It could take a Tory to topple the Tories and lead the Liberals back to power, a new poll suggests.
Toronto Mayor John Tory, a former Progressive Conservative leader who left that party five years ago, would be the front-runner in the undeclared Ontario Liberal leadership race, the Corbett Communications survey found.
While Premier Doug Ford’s Conservatives would win an election held now with 35 per cent support — ahead of the Liberals at 27 per cent, the NDP at 25 per cent, and the Greens at 12 per cent — a Tory candidacy for the Grits could jolt the political landscape.
“He changes the whole dynamic for everybody,” veteran pollster John Corbett said Tuesday.
“We looked at the field (of existing Liberal leadership hopefuls) and … who is leading the province against Ford? It’s John Tory,” said Corbett when asked why the firm tested the mayor’s name.
The poll was conducted before Tory’s broadside against Ford on Monday in a major speech in Scarborough, but it comes against the backdrop of him warning of the effect of Ford’s funding cuts on the city.
Those surveyed were asked “which one of the following potential candidates would you be most likely to support for the Ontario Liberal Party.”
Tory was at 41 per cent, compared to Liberal MPPs Mitzie Hunter and Marie-France Lalonde at 4 per cent apiece and former minister Steven Del Duca and MPP Michael Coteau at 3 per cent each.
Of the remaining respondents, 36 per cent were undecided and 9 per cent preferred “another candidate.”
In a general election scenario, the Liberals led by Tory were at 32 per cent, compared to Ford’s Conservatives tied with Andrea Horwath’s New Democrats at 27 per cent apiece and Mike Schreiner’s Greens at 12 per cent.

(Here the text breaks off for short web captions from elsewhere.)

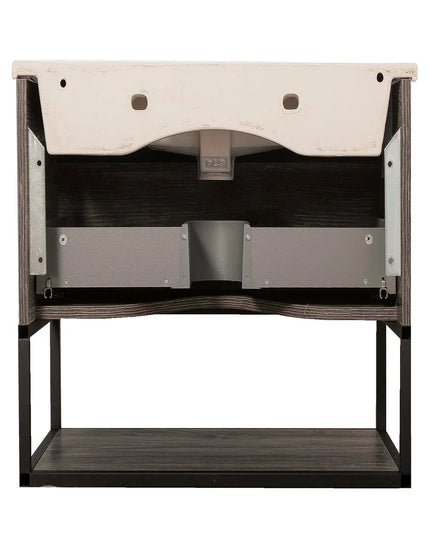 Mobilier de baie suspendat Loft Iron, Oak moras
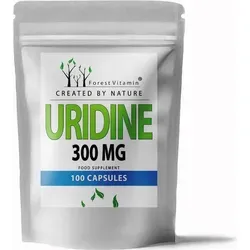 Forest Vitamin Uridin Monophosphat 300mg - Kognitive Unterstützung - Nahrungsergänzungsmittel für allgemeines Wohlbefinden und Gesundheit des Gehirns. Enthält Uridin Monophosphat zur Förderung von Gedächtnis, kognitiver Funktion und Energie.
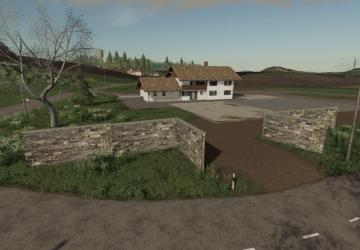 Old American Brick Wallверсия 1.0.0.2 для Farming Simulator 2019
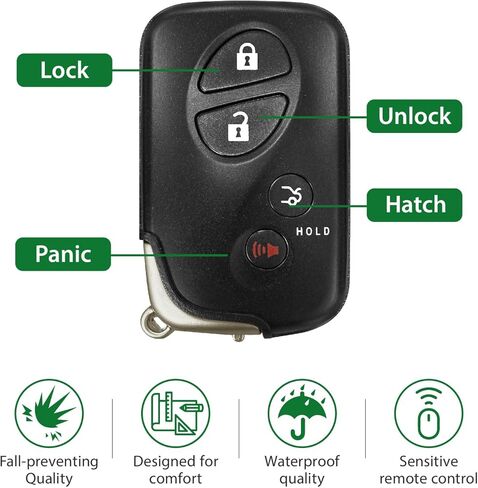 2 بديل بدون مفتاح لـ 2009 2010 2011 2012 2013 Smart Proximity Lexus ES350 GS350 GS460 IS250 IS350 LS460 LS600h GNE 271451-3370 مفتاح اللوحة Fob HYQ14AAB 315MHz 4 أزرار in Saudi Arabia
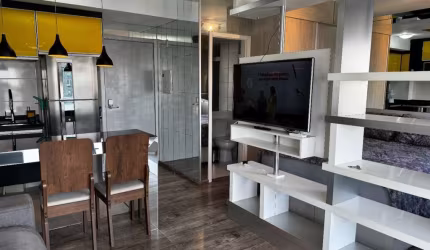 Apartamento com 1 quarto para alugar na Rua Henri Dunant, 1066, Santo Amaro, São Paulo, 33 m2 por R$ 4.500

But any other Liberal candidate in the survey would appear to help Horwath.
Her New Democrats were at 33 per cent against Ford’s Tories at 31 per cent with 19 per cent for Del Duca’s Liberals, and Schreiner’s Greens at 14 per cent.
Similarly, against Coteau’s Liberals, at 19 per cent, Horwath’s NDP was at 33 per cent to 31 per cent for Ford’s Tories, and 14 per cent for Schreiner’s Greens.
With Hunter as leader, the Liberals were at 18 per cent, Horwath’s New Democrats at 34 per cent, Ford’s Tories at 31 per cent, and Schreiner’s Greens at 14 per cent.
Lalonde’s Grits were also at 18 per cent to 34 per cent for Horwath’s NDP, 32 per cent for Ford’s Tories, and 14 per cent for Schreiner’s Greens.
“Andrea Horwath has established herself as the opposition leader,” said Corbett. “The only place that doesn’t hold up is if John Tory runs. He upsets both fields — in running for the Ontario Liberal leadership and in running for government.”
In a statement, the mayor’s spokesman said he “is focused on leading Toronto — the job that he was elected and re-elected to do.”
“Every ward across Toronto voted for Mayor Tory (last fall) because residents trust him to stand up for Toronto, to get transit and housing built, and to be honest with them,” said Don Peat.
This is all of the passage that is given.